**Problem:**
Pictures stay out of the copy; output exactly the lines from the one containing "Arizona Cardinals Nfl" through the end of the material.

Data for analysis section start

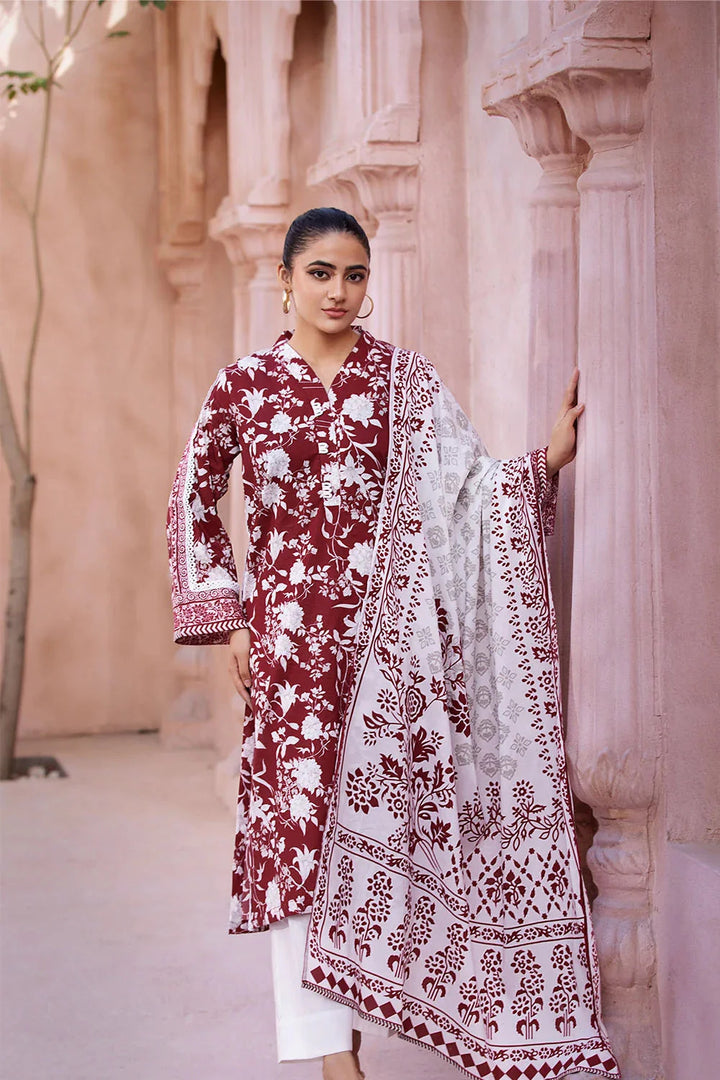 2PC Unstitched Printed Lawn Shirt and Dupatta KSD-2661 Printed KHAS STORES 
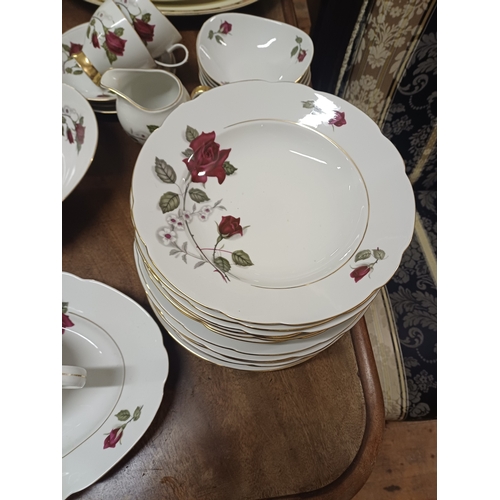 172 - Wedgewood China Red and Gilt Decorated part Dinner Service including Platters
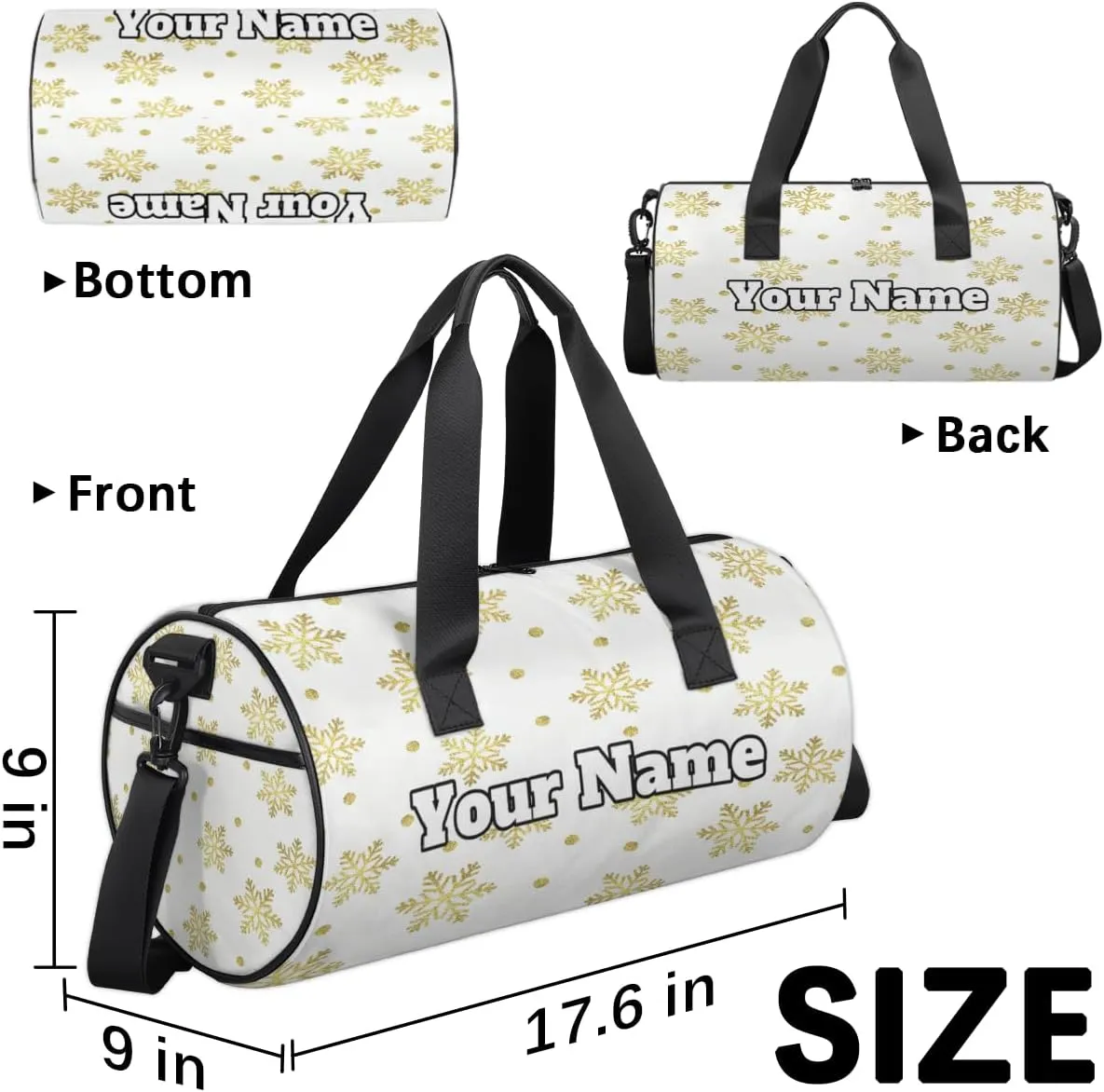 Custom Gym Bag for Women Men with Name, Personalized Yellow Snowflake Duffel Bag for Sports, Waterproof Dance Bag, Lightweight Carryon Gym Bag, Christmas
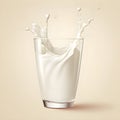 Milk and transparent cup elements isolated on warm background. Liquid splash in glass cup. Milk pours out. Vector 3d realistic Royalty Free Stock Photo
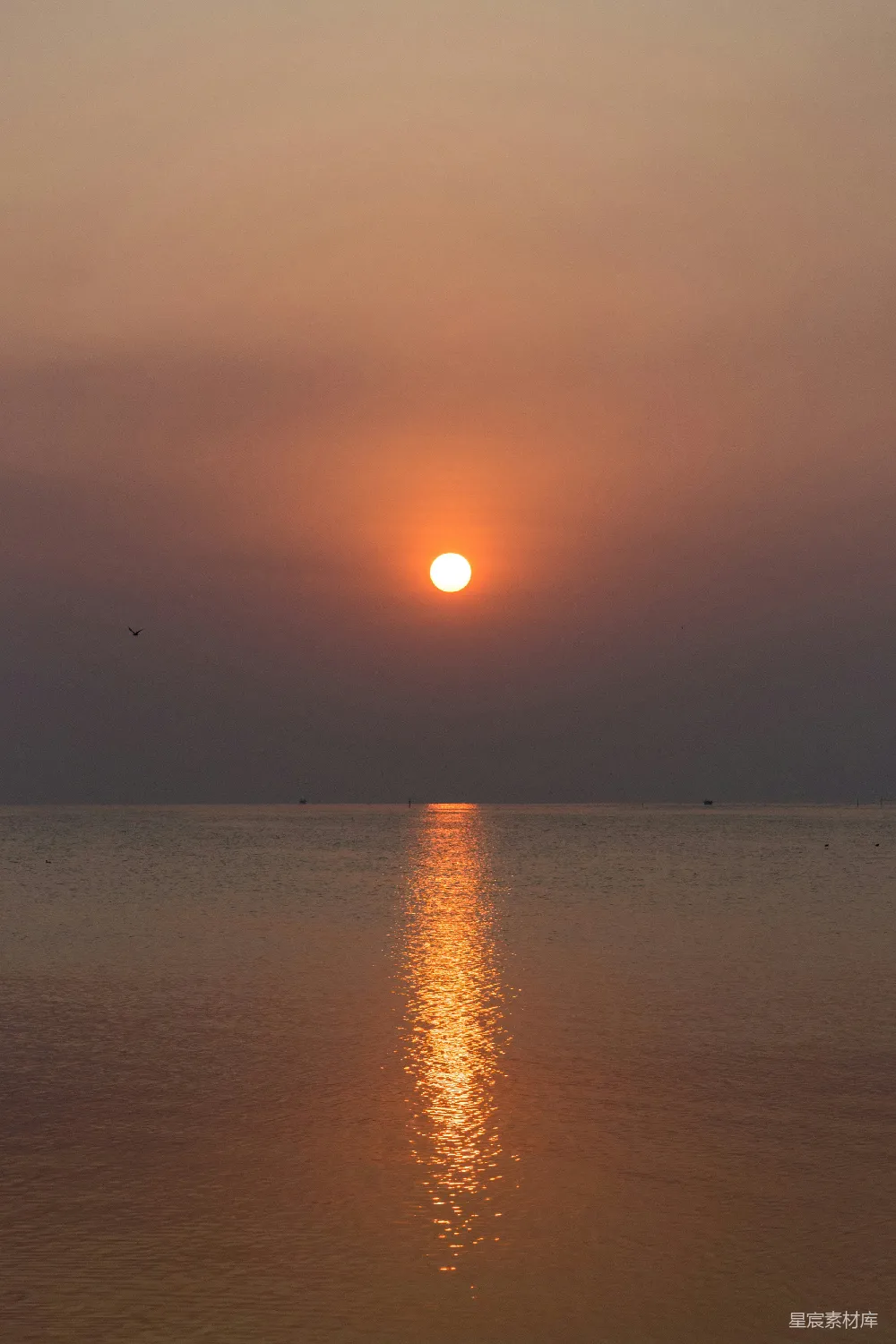 高清摄影  夕阳正洒落在海洋之上。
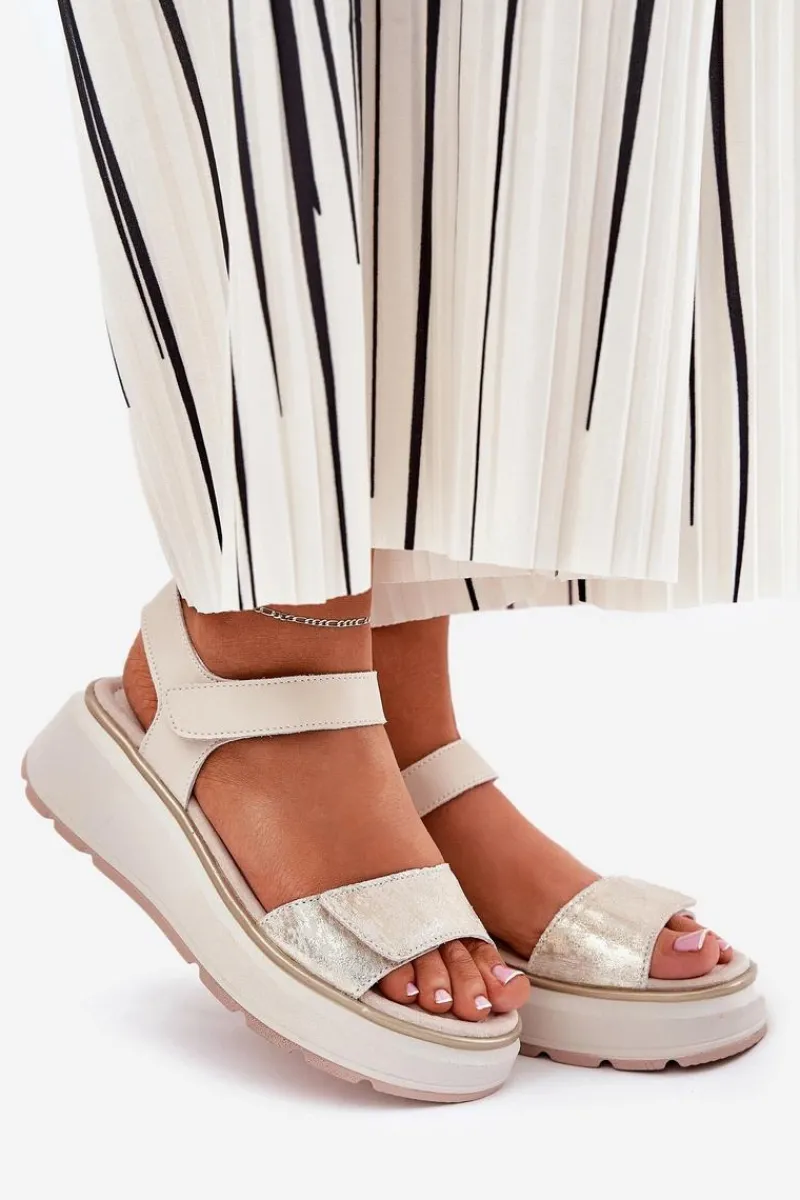 Sandały Na Koturnie>Damskie buty S.Barski Skórzane Sandały Damskie Platformie I Koturnie Na Rzep S.Barski LR51-543 Złote Złoty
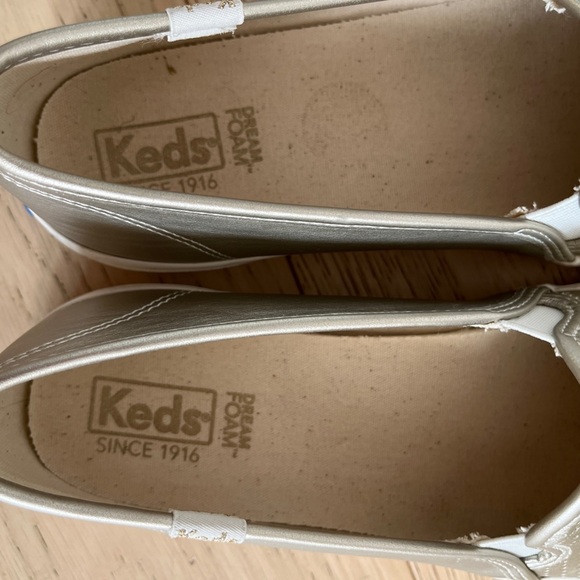 KEDS Double Decker Slip On Sneaker Perforated Faux Leather Perforated Metallic - Picture 11 of 15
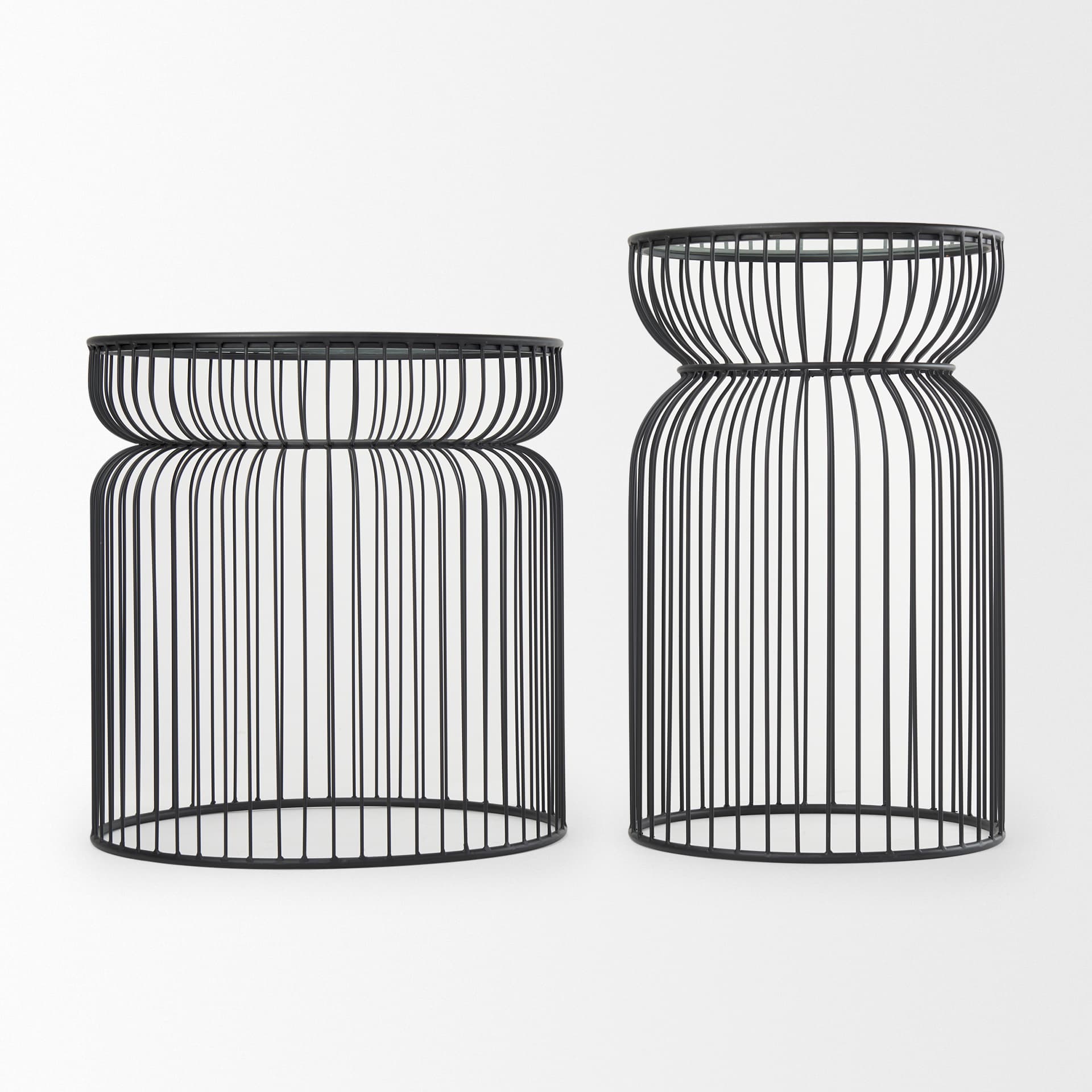 Shani Set of 2 Round, Black Metal w/ Glass, Accent Tables — product photograph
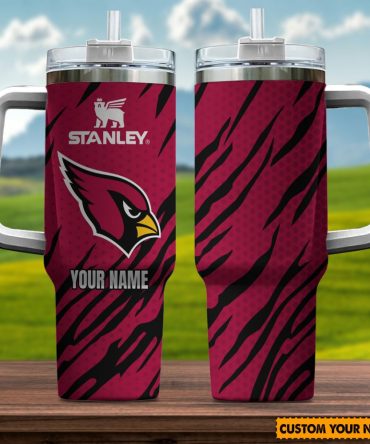 Arizona Cardinals Nfl Custom Stanley Quencher 40Oz Stainless Steel Tumbler With Handle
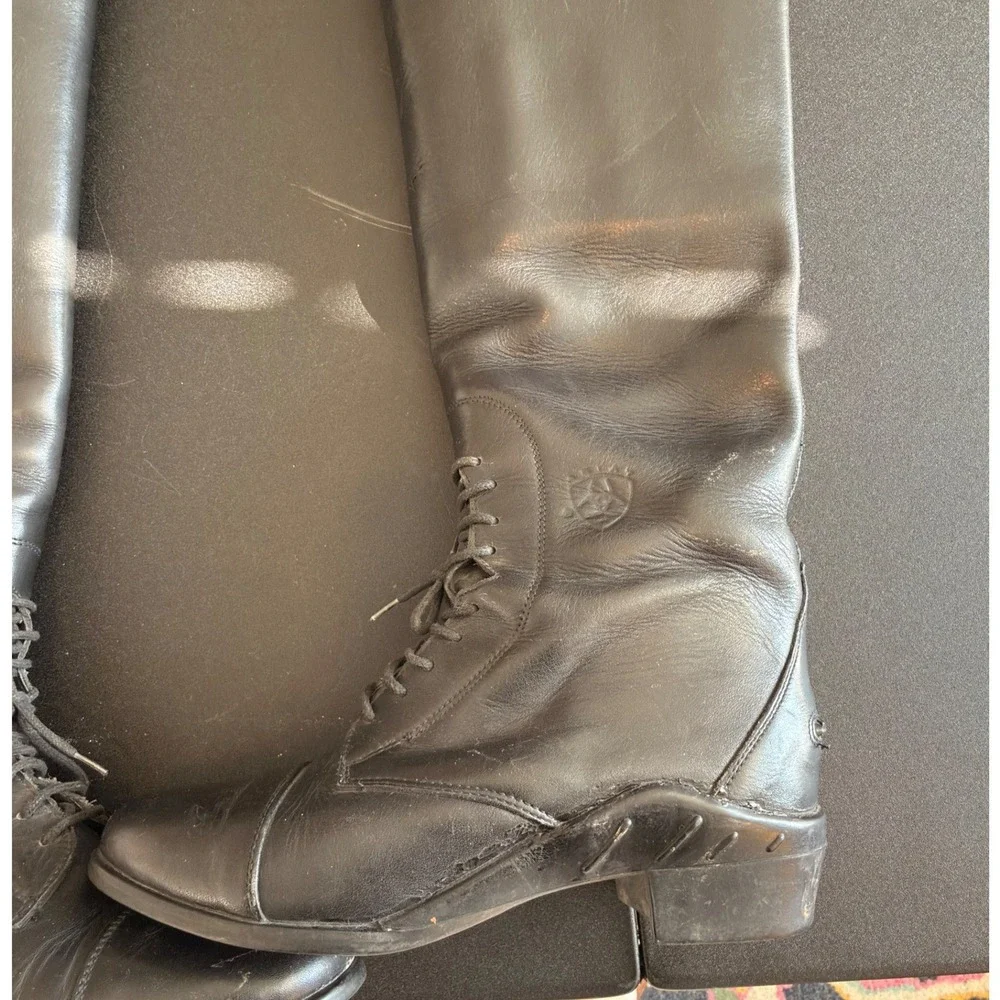 Ariat English‎ Black Leather Riding Boots Lace Up Western Equestrian Size 6.5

Data for analysis section end

**Result below:**
 Arizona Cardinals Nfl Custom Stanley Quencher 40Oz Stainless Steel Tumbler With Handle
 Ariat English‎ Black Leather Riding Boots Lace Up Western Equestrian Size 6.5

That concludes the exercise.